Highlights

Wednesday, April 23, 2014

From Dragonfly: Yelling

I'm not sure why, but some staff (not all) find it so much easier to scream at us, than just talk to us. It is certainly a belittling technique - especially when the person is in the position of power. It is difficult for me to accept yelling as a way of communication. One staff member, here, does a great job of yelling things like "4pm count," but being softer at other times. In fact, when we lost another inmate a week ago, totally unexpected, she held a town hall. Although her voice was raised so we could all hear her (we were surrounding her in the atrium and she stood on a table), she gave words of grief and caring to us all. We lost a sister - someone who'd been here for years and was about to go home. She was close to many, but even those who didn't know her well, found tears in her eyes as this staff member spoke to us.

I heard many inmates say, "I respect that woman," referring to the staff member. I have only heard that about a couple people working here - the teacher that I respect and a couple other folks. It's too bad that most the staff doesn't try to earn our respect.

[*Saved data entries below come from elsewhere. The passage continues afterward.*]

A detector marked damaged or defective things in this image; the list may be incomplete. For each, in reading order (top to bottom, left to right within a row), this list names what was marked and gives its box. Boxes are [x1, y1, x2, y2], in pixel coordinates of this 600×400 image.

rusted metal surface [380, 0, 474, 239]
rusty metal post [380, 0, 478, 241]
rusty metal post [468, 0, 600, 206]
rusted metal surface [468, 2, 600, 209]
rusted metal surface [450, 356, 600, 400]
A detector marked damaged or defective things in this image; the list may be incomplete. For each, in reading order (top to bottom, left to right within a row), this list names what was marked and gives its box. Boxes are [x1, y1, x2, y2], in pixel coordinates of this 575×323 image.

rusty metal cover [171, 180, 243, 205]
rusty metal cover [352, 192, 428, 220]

It would only enhance our ability to listen to them and know that, even if we don't like what they are saying, they respect us enough to be kind when appropriate. We are not just inmates. We are women. We are human beings. Some treat us like we are animals, and I am not just exaggerating when I say that.

I have to say that the Warden is one of the people most inmates respect. I've never seen him yelling at anyone. He stands mainline nearly everyday, and will listen to inmate complaints/issues. He reads and responds to his emails. Sometimes he can't do what we want him to, but he's honest about that as well. He has beautified the campus. I, for one, respect him.

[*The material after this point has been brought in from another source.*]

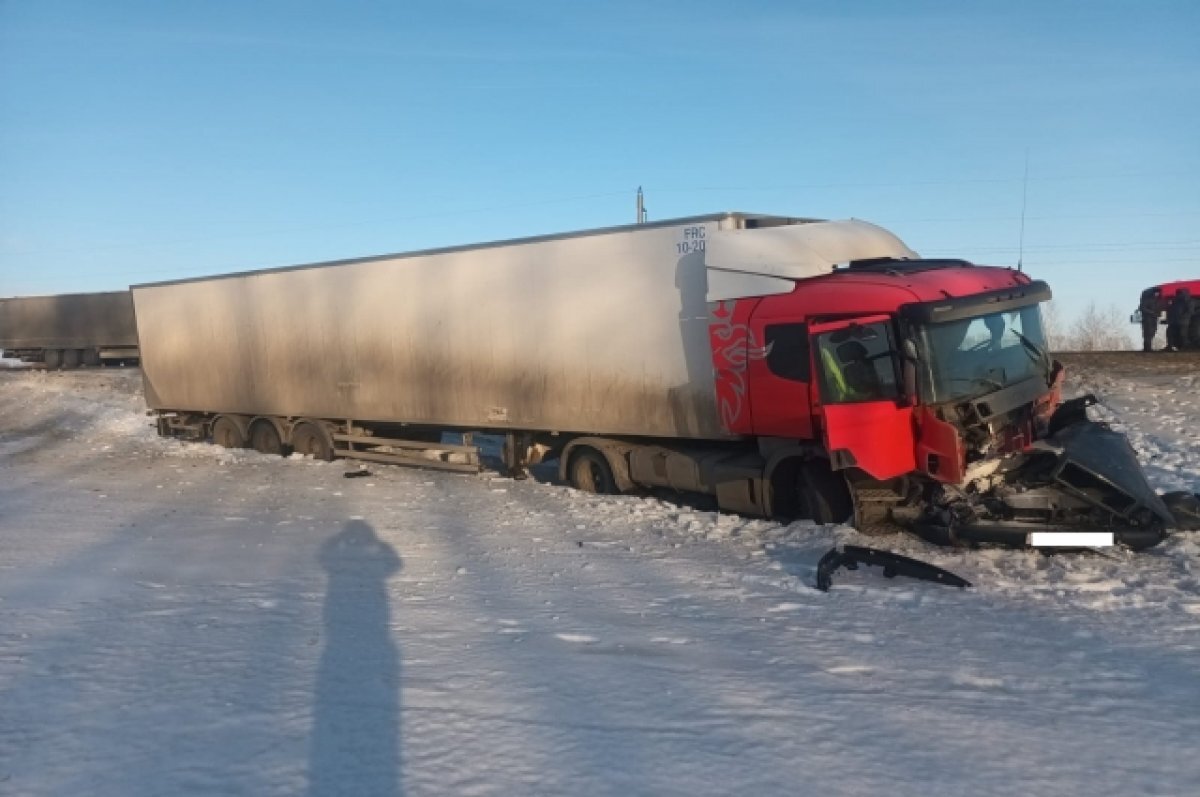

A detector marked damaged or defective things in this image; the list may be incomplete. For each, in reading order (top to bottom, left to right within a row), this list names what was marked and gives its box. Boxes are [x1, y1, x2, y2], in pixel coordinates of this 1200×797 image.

I'm not sure why staff don't get that if they are yelling at us, some inmates will see it as an opportunity to also communicate by yelling. There are verbal fights constantly in the unit and on the yard. There is backtalk to the officers. Not everyone hates confrontation, like I do; they fight back, they yell back. Yelling seems to be acceptable, as long as it is not during quiet hours. The only times I see people get in trouble for screaming is when it leads to a more serious fight or if it is right at an officer and includes something derogatory. They will get a "time-out" - perhaps 2-3 days in the SHU to calm down.

So, screaming is everywhere, between girlfriends, between enemies, between staff and inmates... When I say there's no quiet, there's also no time where someone is not yelling something at someone else. Being curious minded, it leads to my roommates and I constantly going to our door or in the hall to see what is going on. I've never been on a school-yard like you see in the movies, where two kids get into a fight and everyone gathers screaming, "fight, fight, fight," until a school teacher breaks it up. But that's kind of like what it's like here, only the crowd watches and says nothing. It is just all in a day's life in prison.

I wonder if there could be a calmer culture in prison. Perhaps the camps have it. Perhaps other institutions have it. I wouldn't know. I do know, though, that I can't wait to be away from all the yelling and screaming. No one listens when you are yelling at them. No one.